Step 5 – Variable importance plots
This code will compile the node information to determine the strength of data subsetting for each tree.
set.seed(436) vim.subsample <- varimp(forest.subsample)
Plotting of the variable importance values is done by passing the completed variable importance objects to the plot function. Bargraphs show the average improvement in model fit for each variable when they are used to subset the complete node data.
The graphical output should look similar to the following figure:
Step 6 – Case proximity plots
Clustering of the cases by terminal node proximity is calculated in the proximity function. The rationale for this computation is to identify clusters of of cases that tend to stick together in the final models of the trees. Clustered cases and variable importance provide ways to visualize how models differ for previously unmodeled case characteristics.
prox.subsample <- proximity(forest.subsample)
The plotting functions work the same way as they did for the variable importance plots.

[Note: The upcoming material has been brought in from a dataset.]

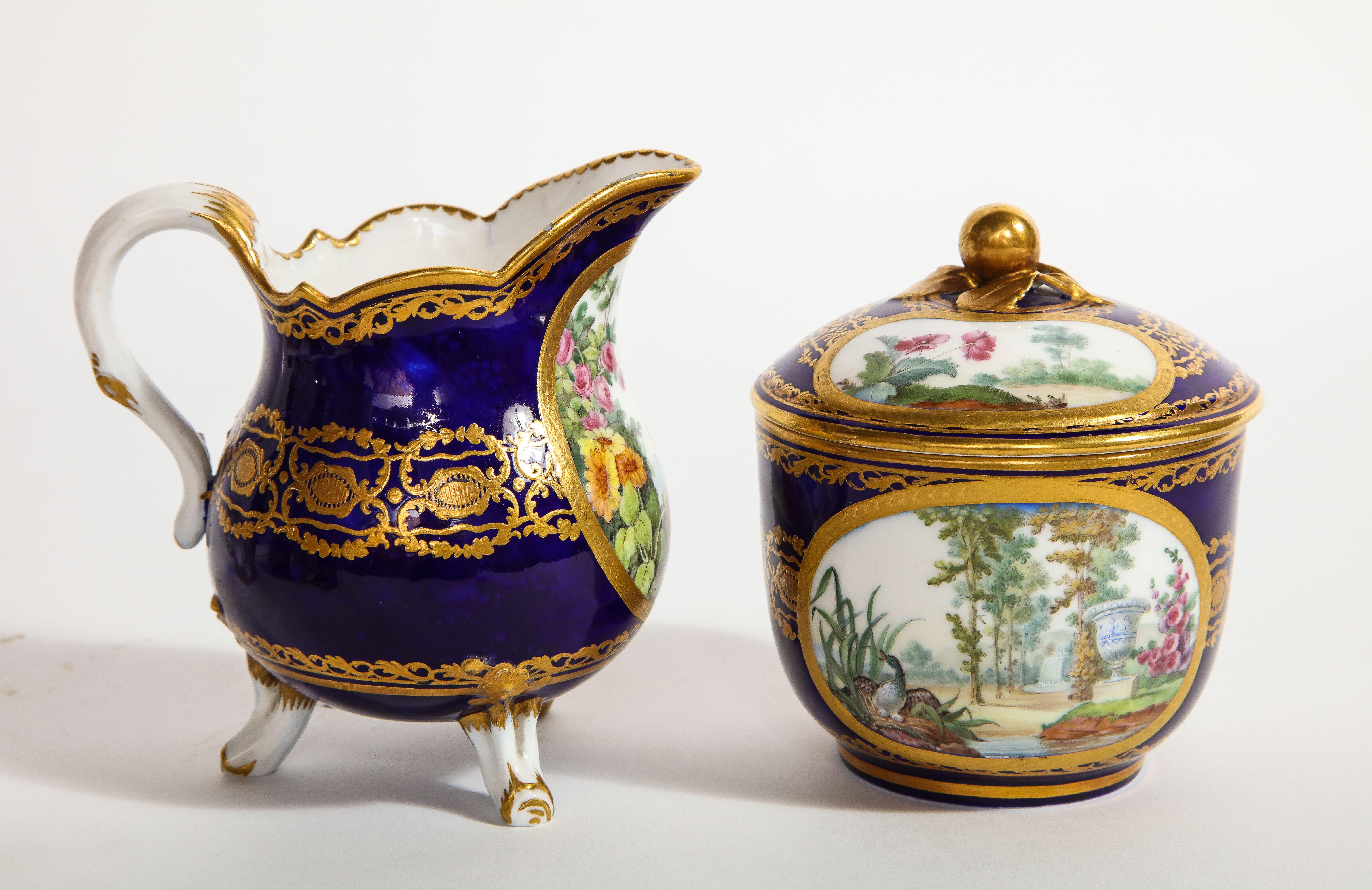 Service à thé complet en porcelaine de Sèvres du XVIIIe siècle, avec marque de peintres et de guildes 1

Just use the plot function with the case proximity object.
The variable importance plots for this dataset points to three clusters of cases based on the proximity analysis. These plots are shown below:
We can then see how the case proximity plots change when the unmodeled variable information is added to the plot. In this case age group and training both provide some information about subsetting the data, improving model fit. Age group is shown as black for young (=0) and red for old (=1). Training is displayed with circles untrained (=0) and triangles trained (=1).
plot(prox.subsample, col=(1+dataset$agegroup), pch=(1+dataset$training))
The plot should look like:
Pruning a forest
Once a full forest analysis has completed, the maximum depth of the trees may be adjusted. This pruning procedure may be used to analyze differential variable importance and case proximity when the depth of the trees is varied. The following code prunes a semforest object:
pforest.subsample <- prune.semforest(forest.subsample, max.depth=1)
Parallel computing with semforest
If computer hardware supports it, parallel computation of individual trees will safe time. The
snowfall parallel package is used to create clusters for computations. In the initialization of the cluster, the number of cpus is selected.
cl <- makeCluster(2) # cluster of 2 CPUs created, in parallel
A cluster can be stopped when not needed. (Note – if you want to restart the cluster, you must use the sfClusterEval functions to load the packages for use with the new cluster.)
A SEM Forest can be grown in parallel by specifying the cluster to be used:
forest.parallel <- semforest(growthCurveModel, dataset, control, cluster=cl) vim.parallel <- varimp(forest.parallel, cluster=cl)